## [What to do]
This task calls for copying each line below that contains "Green".

------------------------------------------------------------------------

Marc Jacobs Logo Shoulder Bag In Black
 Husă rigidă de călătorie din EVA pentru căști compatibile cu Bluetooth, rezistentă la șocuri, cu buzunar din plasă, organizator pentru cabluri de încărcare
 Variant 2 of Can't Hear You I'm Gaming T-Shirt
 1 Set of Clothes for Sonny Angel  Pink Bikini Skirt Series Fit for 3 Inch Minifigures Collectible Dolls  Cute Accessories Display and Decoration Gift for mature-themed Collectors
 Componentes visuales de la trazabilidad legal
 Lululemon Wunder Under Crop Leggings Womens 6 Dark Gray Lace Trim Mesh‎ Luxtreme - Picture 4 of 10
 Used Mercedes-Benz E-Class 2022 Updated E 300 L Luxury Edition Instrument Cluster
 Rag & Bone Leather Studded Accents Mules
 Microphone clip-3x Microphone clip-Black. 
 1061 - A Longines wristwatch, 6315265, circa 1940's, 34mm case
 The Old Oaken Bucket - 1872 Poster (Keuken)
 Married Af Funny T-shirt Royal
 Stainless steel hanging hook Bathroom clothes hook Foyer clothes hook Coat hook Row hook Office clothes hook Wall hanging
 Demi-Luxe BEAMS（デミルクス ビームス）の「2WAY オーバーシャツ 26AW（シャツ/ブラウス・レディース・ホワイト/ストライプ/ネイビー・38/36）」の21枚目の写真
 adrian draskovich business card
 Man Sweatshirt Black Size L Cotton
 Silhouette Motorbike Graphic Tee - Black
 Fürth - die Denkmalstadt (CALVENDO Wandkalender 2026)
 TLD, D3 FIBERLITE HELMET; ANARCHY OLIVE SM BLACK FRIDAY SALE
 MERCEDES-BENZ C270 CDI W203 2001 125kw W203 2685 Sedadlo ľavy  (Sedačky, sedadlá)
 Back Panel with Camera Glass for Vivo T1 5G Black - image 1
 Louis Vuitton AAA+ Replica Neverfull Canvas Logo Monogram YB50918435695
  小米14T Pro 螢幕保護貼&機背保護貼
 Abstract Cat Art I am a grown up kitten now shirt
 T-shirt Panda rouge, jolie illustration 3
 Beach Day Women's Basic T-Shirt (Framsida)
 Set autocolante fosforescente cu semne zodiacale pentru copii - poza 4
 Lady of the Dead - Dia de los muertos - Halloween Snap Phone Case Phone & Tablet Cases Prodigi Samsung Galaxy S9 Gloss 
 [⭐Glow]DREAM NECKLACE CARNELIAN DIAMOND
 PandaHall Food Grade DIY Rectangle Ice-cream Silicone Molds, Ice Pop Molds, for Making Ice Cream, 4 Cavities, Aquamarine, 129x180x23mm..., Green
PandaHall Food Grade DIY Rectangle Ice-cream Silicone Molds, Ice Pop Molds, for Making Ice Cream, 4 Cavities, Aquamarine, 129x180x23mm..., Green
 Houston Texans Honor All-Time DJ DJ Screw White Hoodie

------------------------------------------------------------------------

## [Answer section]
 PandaHall Food Grade DIY Rectangle Ice-cream Silicone Molds, Ice Pop Molds, for Making Ice Cream, 4 Cavities, Aquamarine, 129x180x23mm..., Green
PandaHall Food Grade DIY Rectangle Ice-cream Silicone Molds, Ice Pop Molds, for Making Ice Cream, 4 Cavities, Aquamarine, 129x180x23mm..., Green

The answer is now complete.